Chip is taken aback. His crazy friend seems to be serious about founding Snagology. What part should I play in this craziness, Chip wondered. Would it be right or more importantly, would it be kind to help Charles in his demented state? “Uh, Charles. Are you pulling my leg? Because if you are, I’ll give you such a smack!”

“I’m as serious as a midget in a nudist colony. I’m as serious as dick cancer. What makes you think I’m not serious?”

“I dunno. After all your railing against religion, it seems counterintuitive that you’d want to start one.”

“If you can’t lick ‘em, lick ‘em. So, you going to help me or what?”

“What. You’re on your own, Slick. I’ve got a religion I am fairly comfortable with. You want to pursue this madness, good luck to you.”

“You want to hear my manifesto?” “Dear, God, no,” Chip says.

“OK, here it is:

I assert that I am the only being in this Universe and the star of a pan-Universal reality show designed to entertain extra-Universal beings who place snags into my life for their amusement.

I challenge all people to prove me wrong and to demonstrate that they too are players for the benefit of the Viewerverse.
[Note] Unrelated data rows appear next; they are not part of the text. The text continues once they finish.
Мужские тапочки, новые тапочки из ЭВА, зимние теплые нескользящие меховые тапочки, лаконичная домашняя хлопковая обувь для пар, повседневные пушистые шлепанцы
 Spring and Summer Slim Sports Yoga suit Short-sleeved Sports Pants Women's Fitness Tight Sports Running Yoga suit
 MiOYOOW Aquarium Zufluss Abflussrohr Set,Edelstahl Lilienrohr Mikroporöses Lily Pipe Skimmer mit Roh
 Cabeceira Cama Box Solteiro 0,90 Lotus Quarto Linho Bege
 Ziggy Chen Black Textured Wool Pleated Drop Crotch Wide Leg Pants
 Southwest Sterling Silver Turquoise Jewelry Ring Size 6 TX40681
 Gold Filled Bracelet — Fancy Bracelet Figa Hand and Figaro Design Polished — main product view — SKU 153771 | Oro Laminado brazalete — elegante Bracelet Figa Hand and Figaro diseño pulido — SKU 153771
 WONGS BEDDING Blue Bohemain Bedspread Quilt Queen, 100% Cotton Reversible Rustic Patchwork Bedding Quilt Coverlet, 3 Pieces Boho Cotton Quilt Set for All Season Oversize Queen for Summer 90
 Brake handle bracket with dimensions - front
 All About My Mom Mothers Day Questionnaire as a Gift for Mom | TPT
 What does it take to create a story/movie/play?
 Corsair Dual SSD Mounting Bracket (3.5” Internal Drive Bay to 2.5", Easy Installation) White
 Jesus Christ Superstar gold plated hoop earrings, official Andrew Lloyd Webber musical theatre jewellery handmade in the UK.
I hereby found a religion whose name will be Snagology and which is dedicated to proving or disproving my above theorem and/or collaborate on ways to keep the Viewerverse interested in perpetually renewing my, and/or my compatriots’— if such exist—tenure on this stage

To become a Snagology acolyte, contribute $60 for the first year (PayPal accepted).”

“Oh, that’s just so wrong. So wrong. What’s come over you?” Chip is aghast that Charles has taken this delusion this far.

“I’ve woken up, is all. I’m woke. I can see clearly, now. The scales have fallen from my eyes.”

“Now you’re comparing yourself to Saul? That takes the fuckin’ cake. If you are putting me on, I will murdelize you!” Chip is beside himself with worry at Charles’s unhingedness.